This simple ODE can be integrated twice to yield \[ y(x)=-e^x+k_1x+k_2, \] where \(k_1,k_2\) are integration constants to be found using the boundary conditions. This is readily done: \[ y(0)=0\ \Leftrightarrow\ -1+k_2=0\ \Rightarrow\ k_2=1, \] \[ y(1)=0\ \Leftrightarrow\ -e+k_1+1=0\ \Rightarrow\ k_1=e-1. \] The analytic solution is therefore: \[ y(x)=1+(e-1)x-e^x. \] We will use this solution to compare the accuracy of the numerical solution.

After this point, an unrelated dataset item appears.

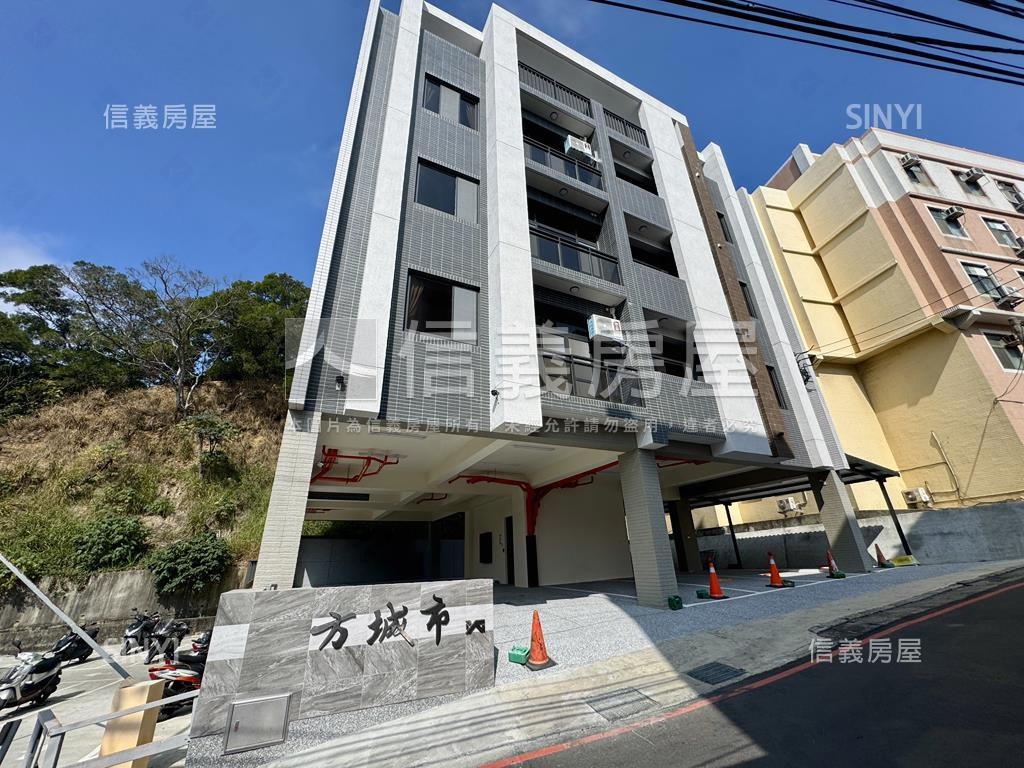 嶄新方城市２房平面車位房屋室內格局與周邊環境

Let us use a step size \(h=0.01\) in the linear shooting method. This should correspond to an accuracy \(\mathrm{O}(h^5)=10^{-10}\).

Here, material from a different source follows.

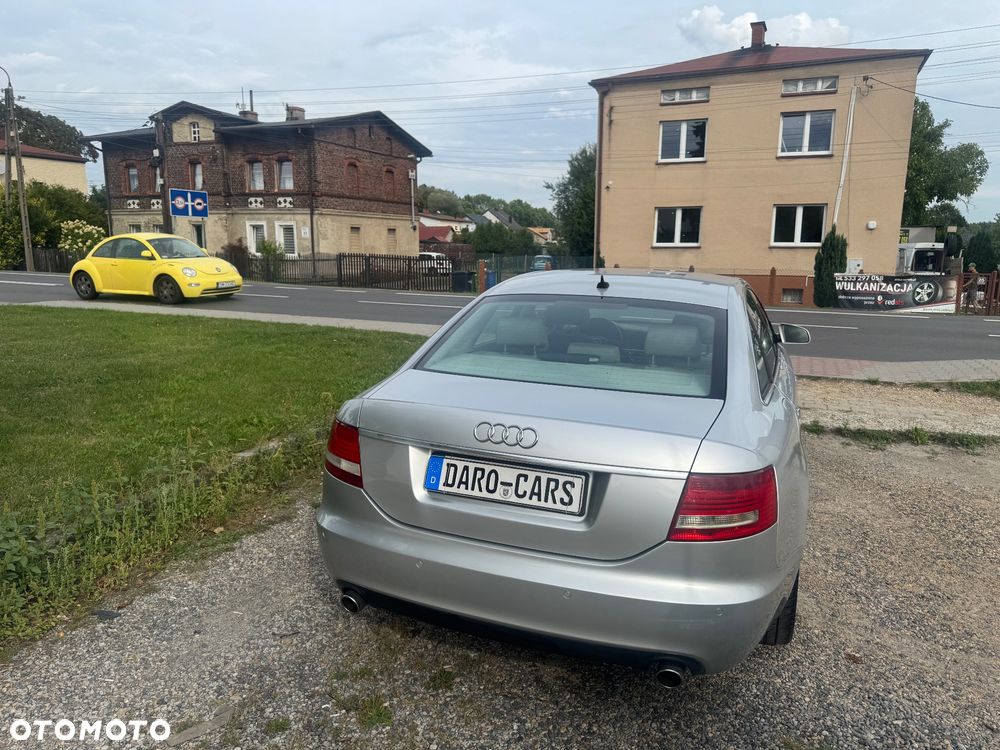 Audi A6 Limousine 2.4 - 4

# Define "gradient" f(x,y,y')
f <- function(x,y,y1) {
  ff <- -exp(x)
  
  return(ff)
}

# Interval
x0 <- 0
xf <- 1

# BVPs
y0 <- 0
yf <- 0

# Step size
h <- 0.01

# Solution. Linear shooting method
ltmp <- BVPlinshoot2(f,x0,xf,y0,yf,h)

# Analytic solution at same grid points as the numerical solution
xx <- ltmp$t
yy <- 1+(exp(1)-1)*xx-exp(xx)

# Compare solutions using the mean local error
MLerror <- mean(abs(ltmp$y[,1]-yy))
print(MLerror)
#> [1] 1.45227234734679e-12

The mean local error does not exceed expectation, which means that the numerical solution is very close to the analytic one.

Exercise 08

A rod of length \(L=10\;\mathrm{m}\) has its ends held at temperatures \[ T(0)=T_A=300\;\mathrm{K}, \qquad T(L)=T_B=350\;\mathrm{K}. \] Assume steady one–dimensional conduction with \[ \kappa(T)=1+\alpha T, \qquad \alpha=10^{-3}\ \mathrm{K}^{-1}, \] where \(\kappa\) is the variable thermal conductivity of the rod (measured in \(\mathrm{W}\mathrm{m}^{-1}\mathrm{K}^{-1}\)) and where no internal heat sources are present. The steady state equation is \[ \frac{\mathrm{d}}{\mathrm{d}x}\!\left(\kappa(T)\,\frac{\mathrm{d}T}{\mathrm{d}x}\right)=0, \] which, written in the form \(\mathrm{d}^2T/\mathrm{d}x^2=f(x,T,T')\), becomes \[ \frac{\mathrm{d}^2T}{\mathrm{d}x^2} = -\frac{\alpha}{1+\alpha T}\, \left(\frac{\mathrm{d}T}{\mathrm{d}x}\right)^2. \]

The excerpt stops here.